オフセットインキ用ビヒクルとしては、例えば、ロジン変成フェノール樹脂、石油樹脂、アルキッド樹脂またはこれら乾性油変成樹脂等の樹脂と、必要に応じて、アマニ油、桐油、大豆油等の植物油と、n−パラフィン、イソパラフィン、アロマテック、ナフテン、α−オレフィン等の溶剤から成るものであって、それらの混合割合は、重量比で樹脂:植物油:溶剤=20〜50部:0〜30部:10〜60部の範囲が好ましい。

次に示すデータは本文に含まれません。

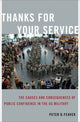 Book cover of: Thanks for Your Service. By: Peter D. Feaver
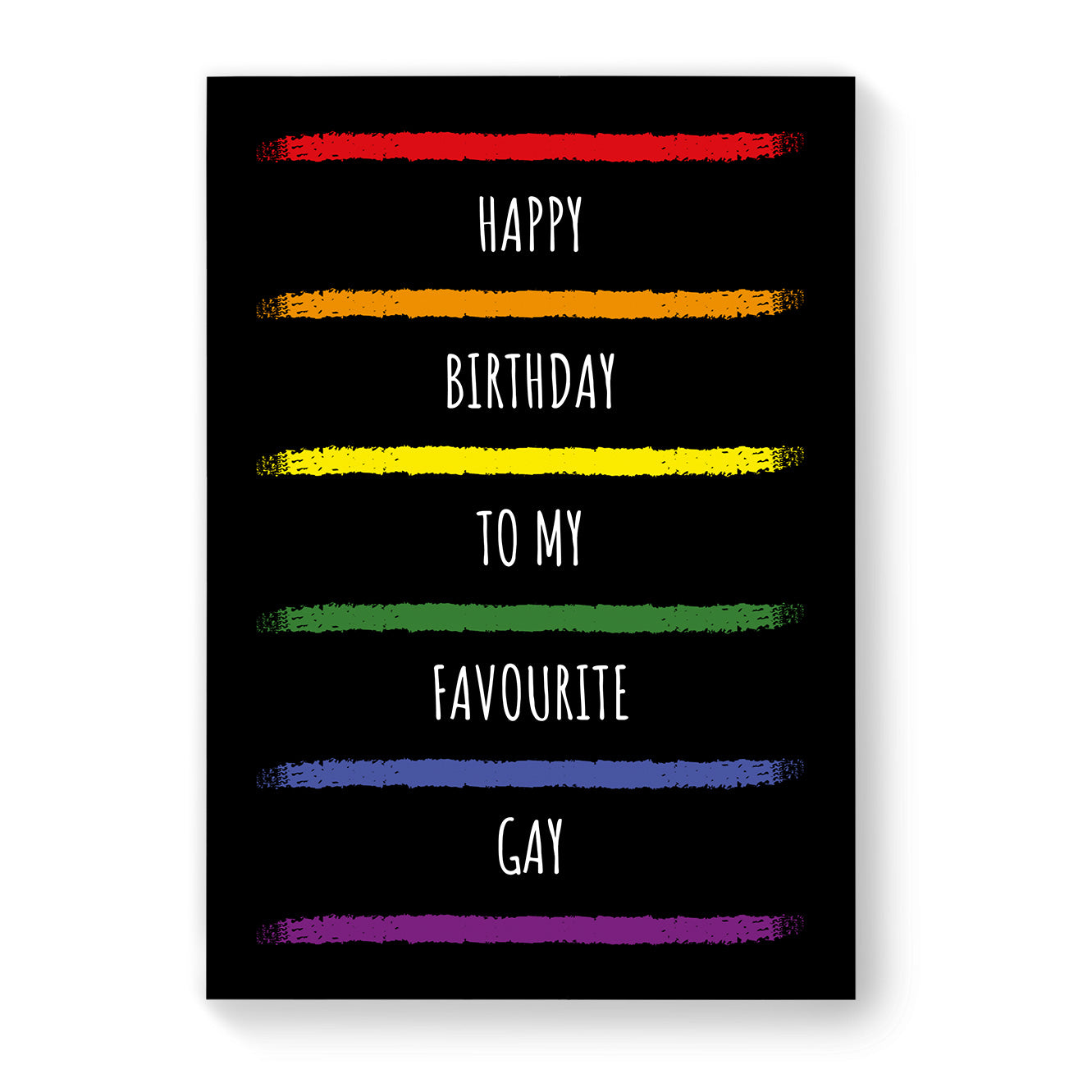 Happy Birthday to my Favourite Gay - Gay Birthday Card - Black Rainbow Stripes | Gift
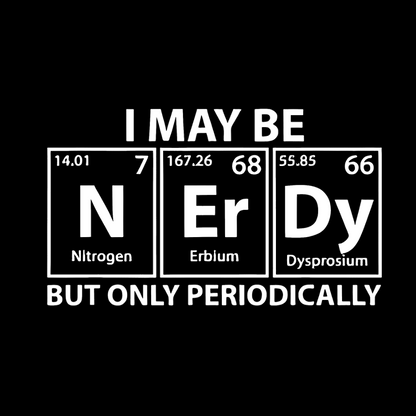 I May Be Nerdy But Only Periodically Funny Chemistry Geek T-Shirt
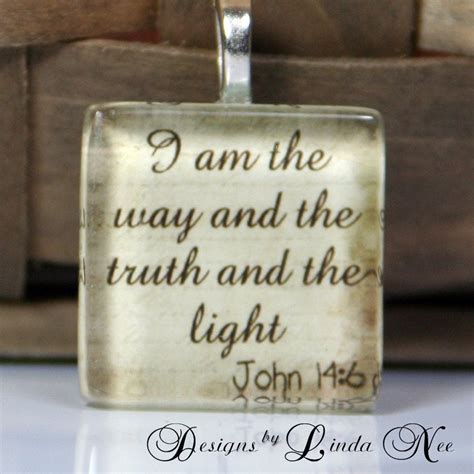 I AM THE WAY AND THE TRUTH AND THE LIGHT John 14 6 with brown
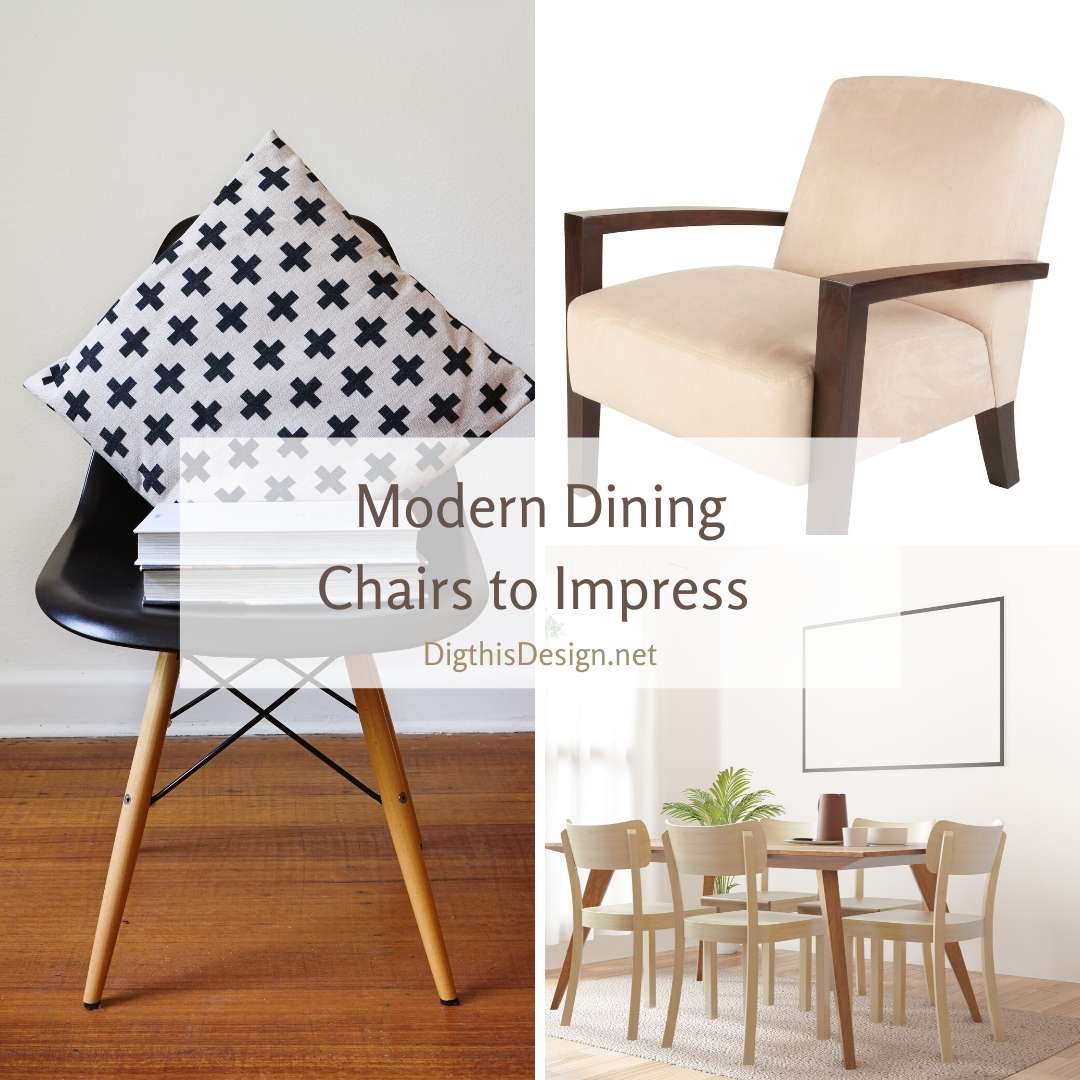 Modern Dining Chairs That Will Impress Your Guests Dig This Design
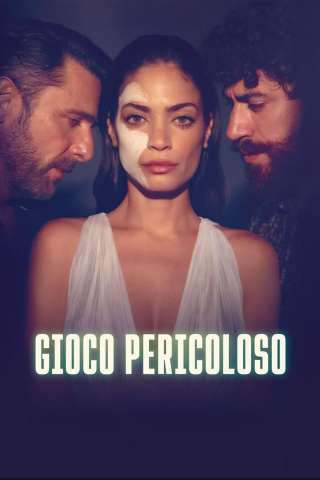 Gioco pericoloso (2025) streaming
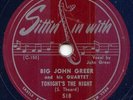 BIG JOHN GREER- TONIGHT'S THE NIGHT - 78 SITTIN IN WITH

本発明のジスアゾ顔料を配合したオフセットインキ用ビヒクルは、必要に応じて、インキ溶剤、ドライヤー、レベリング改良剤、増粘剤等の公知の添加剤を適宜配合して印刷インキとすることができる。
【0041】
グラビアインキ用ビヒクルとしては、例えば、ガムロジン、ウッドロジン、トール油ロジン、石灰化ロジン、ライムロジン、ロジンエステル、マレイン酸樹脂、ギルソナイト、ダンマル、セラック、ポリアミド樹脂、ビニル樹脂、ニトロセルロース、環化ゴム、塩化ゴム、エチルセルロース、酢酸セルロース、エチレン−酢酸ビニル共重合体樹脂、ウレタン樹脂、ポリエステル樹脂、アルキッド樹脂等の樹脂混合物と、n−ヘキサン、トルエン、メタノール、エタノール、アセトン、酢酸エチル、乳酸エチル、エチレングリコールモノエチルエーテル、エチレングリコールモノメチルエーテル、エチレングリコールモノブチルエーテル、イソプロピルアルコール、クロルベンゾール、エチルエーテル、メチルエチルケトン、アセト酢酸エチル等の溶剤から成るものであって、それらの配合割合は、重量比で、樹脂混合物:溶剤=10〜50部:30〜80部の範囲が好ましい。本発明のジスアゾ顔料を配合したグラビアインキ用ビヒクルは、必要に応じて、例えば硫酸バリウム、炭酸バリウム、炭酸カルシウム、石膏、アルミナホワイト、クレー、シリカ、シリカホワイト、タルク、珪酸カルシウム、沈降性炭酸マグネシウム等の体質顔料の他、補助剤として、可塑剤、紫外線防止剤、酸化防止剤、帯電防止剤等の公知の添加剤を適宜配合して印刷インキとすることができる。
【0042】
【実施例】
以下に実施例によって本発明を更に具体的に説明するが、本発明はこれら実施例に限定されるものではない。なお、以下の例中「部」及び「%」は、特に断りのない限りいずれも「重量部」、「重量%」を示す。
【0043】
<実施例1>
3,3’−ジクロロベンジジン塩酸塩をその3倍モルの塩酸と2倍モルの亜硝酸ナトリウムを使用して常法によりテトラゾ化し、10℃、0.125モル/lのテトラゾ水溶液を調製した。一方、アセトアセトアニリド325.7部と2−アセトアセチルアミノ安息香酸6.6部、2−ヒドロキシ−5−アセトアセチル安息香酸9.5部、アセトアセト−p−カルバモイルアニリド19.8部を水酸化ナトリウム120部を含む水溶液に溶解し、25℃、0.259モル/lのカップラー水溶液を調製した。また、酸性水溶液として80%酢酸300部と水酸化ナトリウム80部と水とからなる24℃、pH4.7の緩衝溶液5000部を調製し、撹拌機を有する反応器に仕込んだ。このpH緩衝溶液中の互いに離れた位置に出口を持つ2本の注入管をセットし、テトラゾ水溶液とカップラー水溶液とをそれぞれの注入管を通してpH緩衝溶液中に注入を行った。これらの溶液は同時に注入を開始し、定量ポンプにより同じ体積流量(193ml/分)で40分注入し、同時に注入を終了した。注入の間、液面より採取した反応液からはテトラゾは検出されなかった。この時点でのカップラー基準のカップリング反応率は96.5%であった。その後、反応系内にテトラゾが極わずかに認められるまでテトラゾ水溶液のみを追加注入した結果、カップラー基準のカップリング反応率は98.6%であった。なお、テトラゾの検出はβ−ナフトールによる発色反応を用いて行い、カップリング反応率は液体クロマトで分析して得た未反応カップラー量から求めた。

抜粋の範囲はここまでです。